Governor of the Maharashtra Mandal
- In office 1930–1942
- In office 1951–1975
- Succeeded by: Ramesh Damle

Secretary of the Maharashtra Mandal
- In office 1924–1930

Founder of the Maharashtra Mandal

Personal details
- Born: 14 April 1900 Maval
- Died: 25 July 1977 (aged 77) Pune
- Spouse: Kamlabai Bapat ​(died 1968)​
- Children: 2
- Parent(s): Vishnu Damle (father) and Lakshmi Damle (mother)
- Education: Bachelor of Arts
- Alma mater: Sir Parshurambhau College
- Occupation: Educationist

Military service
- Allegiance: British India (before 1947), India (after 1947)
- Years of service: 1942–1948
- Rank: Captain
- Unit: Belgaum
- Battles/wars: World War II

= Shivrampant Damle =

Indian educationist

Captain Shivrampant Damle (14 April 1900, in Maval – 25 July 1977, in Pune) was an Indian educationist. He is best remembered for founding the Maharashtriya Mandal in 1924.

== Biography ==
Damle was born on 14 April 1900, to Vishnu (d. 1928) and Lakshmi (née Chimnatai Modak; d. 1934) of the Damle gharana of Kivale. He was one of eight children born to his parents; he had six brothers and one sister. His family was Chitpavan brahmin.

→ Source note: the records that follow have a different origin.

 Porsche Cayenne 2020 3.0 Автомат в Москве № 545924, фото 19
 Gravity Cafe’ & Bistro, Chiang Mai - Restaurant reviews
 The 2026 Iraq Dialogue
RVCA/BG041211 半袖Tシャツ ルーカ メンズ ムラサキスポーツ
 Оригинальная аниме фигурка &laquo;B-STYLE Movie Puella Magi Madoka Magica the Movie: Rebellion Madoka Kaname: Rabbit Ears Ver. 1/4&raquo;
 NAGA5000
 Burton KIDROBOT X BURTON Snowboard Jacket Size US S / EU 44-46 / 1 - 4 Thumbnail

Damle was educated at the Nutan Marathi Vidyalaya in Pune. He graduated with a B. A. degree from Sir Parshurambhau College before going on to found the Maharashtra Mandal in 1924, serving as its first secretary. Beginning in 1930, he served as the governor of the Maharashtra Mandal.

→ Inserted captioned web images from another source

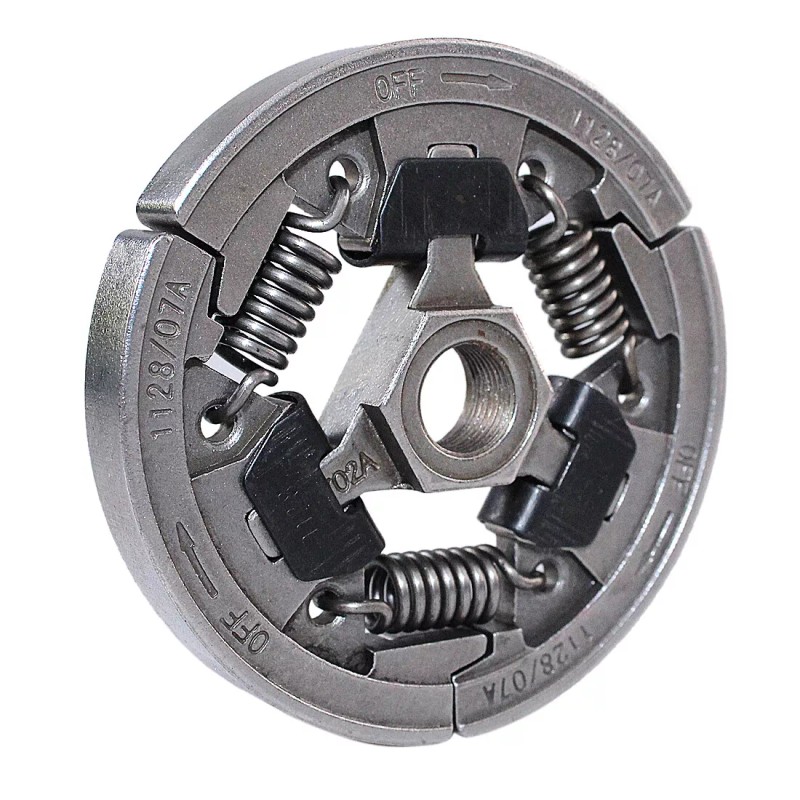 For STIHL Clutch Drum Rim Sprocket Oil pump For Stihl
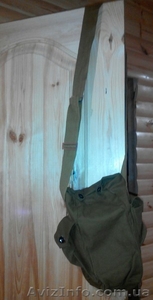 Сумка солдатская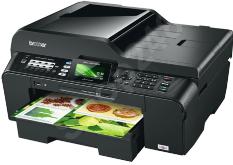 �ֵ�Brother MFC-J6510DW ����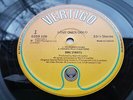 DIRE STRAITS LOVE OVER GOLD 1982 ORIGINAL UK Press LP MINT MUSEUM COPY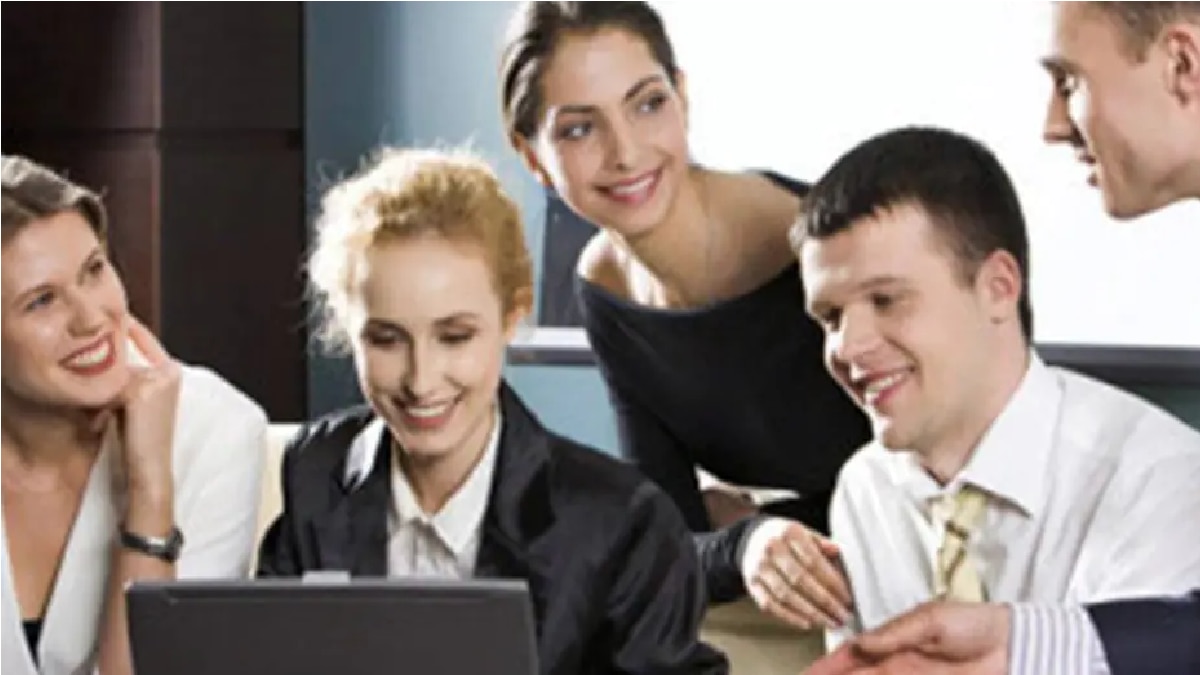 How To Lead A Team (Representational Image)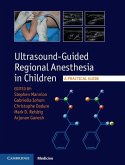 Ultrasound-Guided Regional Anesthesia in Children (eBook, ePUB)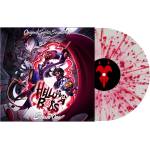 Warner Original Soundtrack: Helluva Boss: Helluva Boss: Season One (Coloured White & Red Vinyl) - Vinyl (LP) (088037)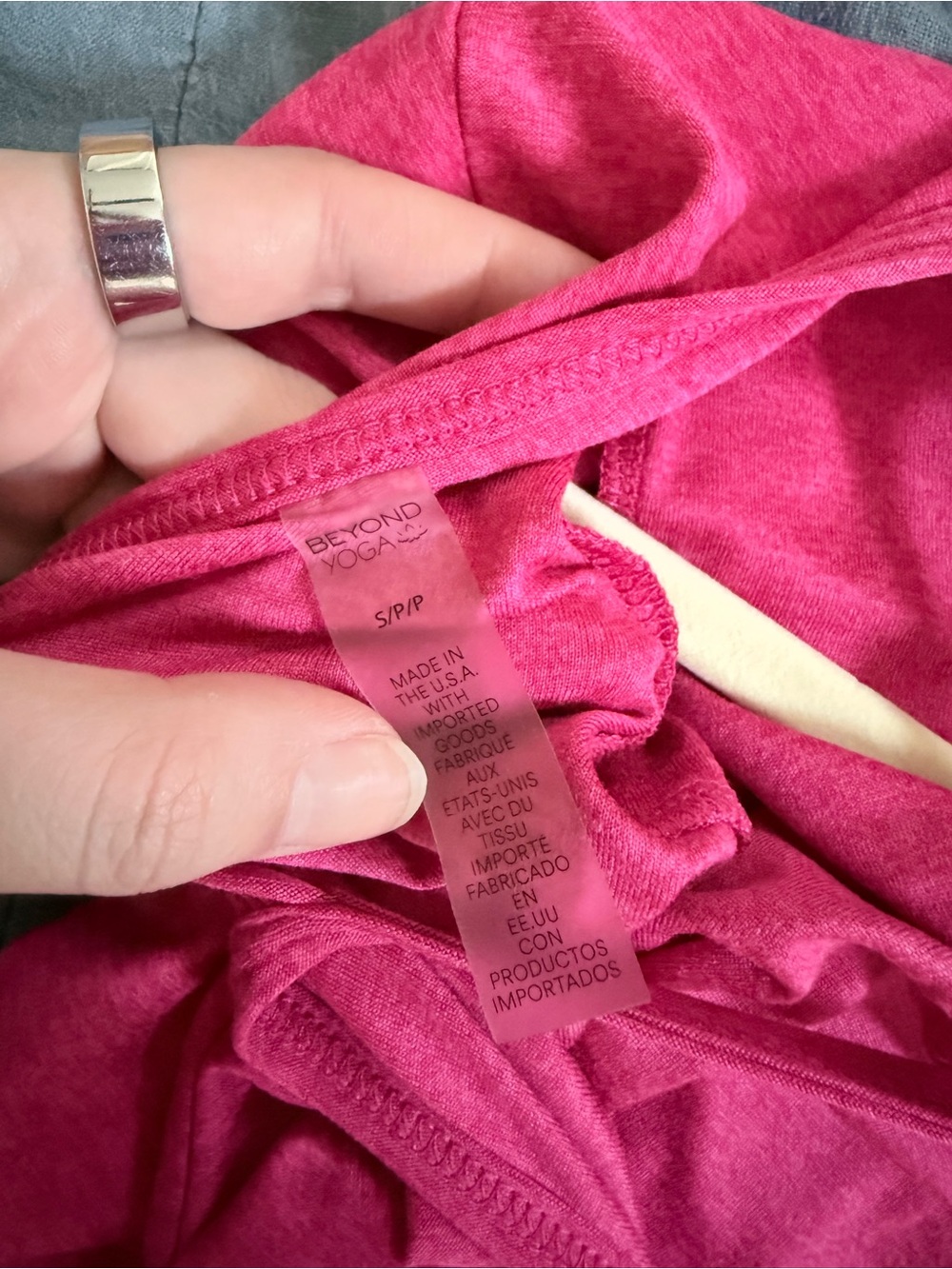 Featherweight In The Loop Pullover (Cranberry) View 6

From 1942 to 1948, he joined the British Indian Army. During World War II, he was posted in Belgaum. From 1951 to 1975 he again took up governorship of the Mandal.

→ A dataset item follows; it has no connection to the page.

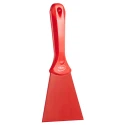 Vikan Nylon Plastic Hand Scraper with 235mm Blade Length and 100mm Blade Width 40134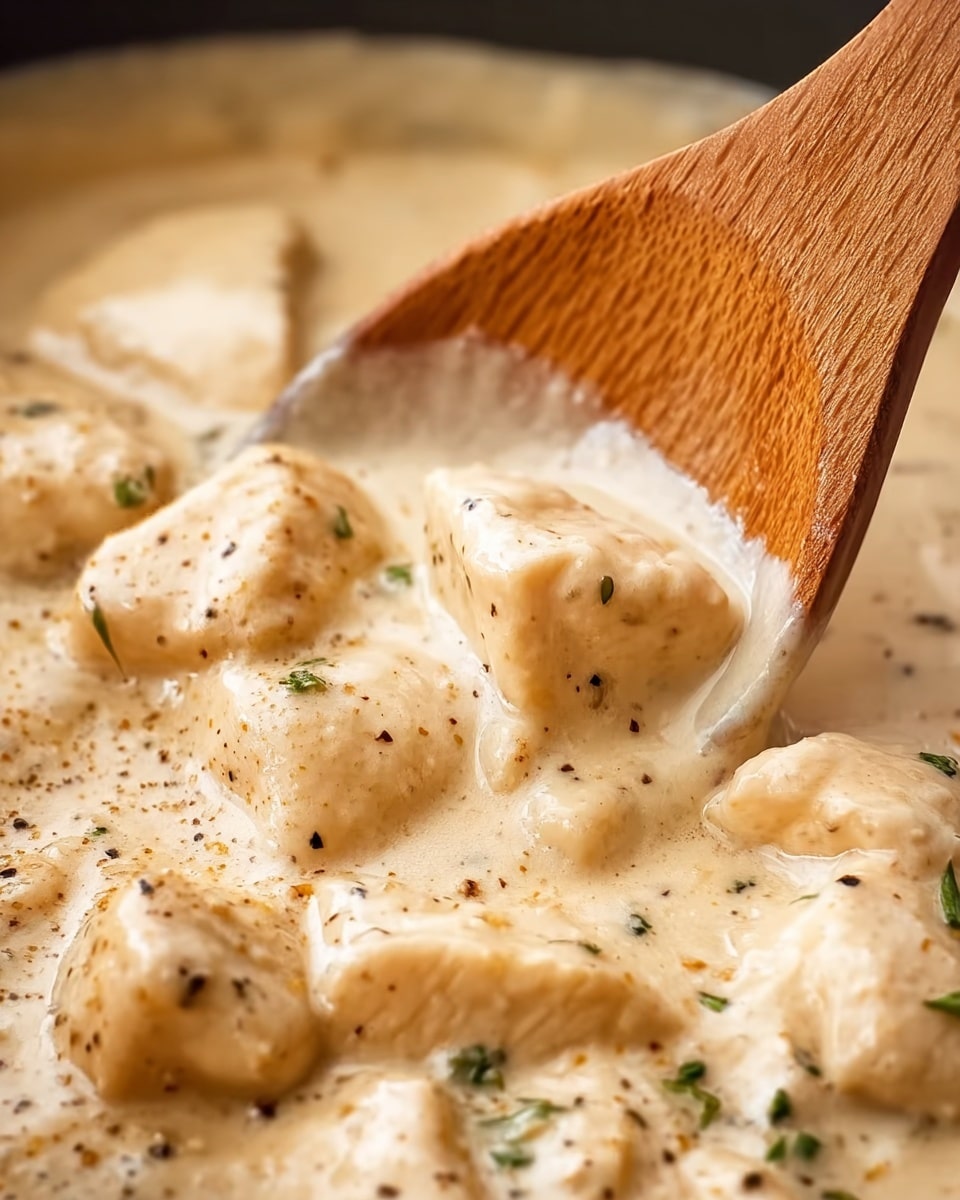 Cajun Cream Sauce Recipe - Recipe Image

Beginning in 1963, he founded the Seth Dagduram Kataria High School, founding the Indirabai Karandikar Primary School on Tilak road in Pune in 1964, and founding schools for primary education in Marathi in 1968 and 1970, focusing on women's education.

On 1 July 1977, he founded the Chandrashekhar Agashe College of Physical Education in Gultekdi, Pune, having begun work for its founding in 1938.

Damle married Kamlabai Bapat, who predeceased him in 1968. The couple had two children, a son named Ramesh (b. 1935) and a daughter named Sunanda (b. 1937). Damle died on 25 July 1977, with his son succeeding him as governor of the Mandal.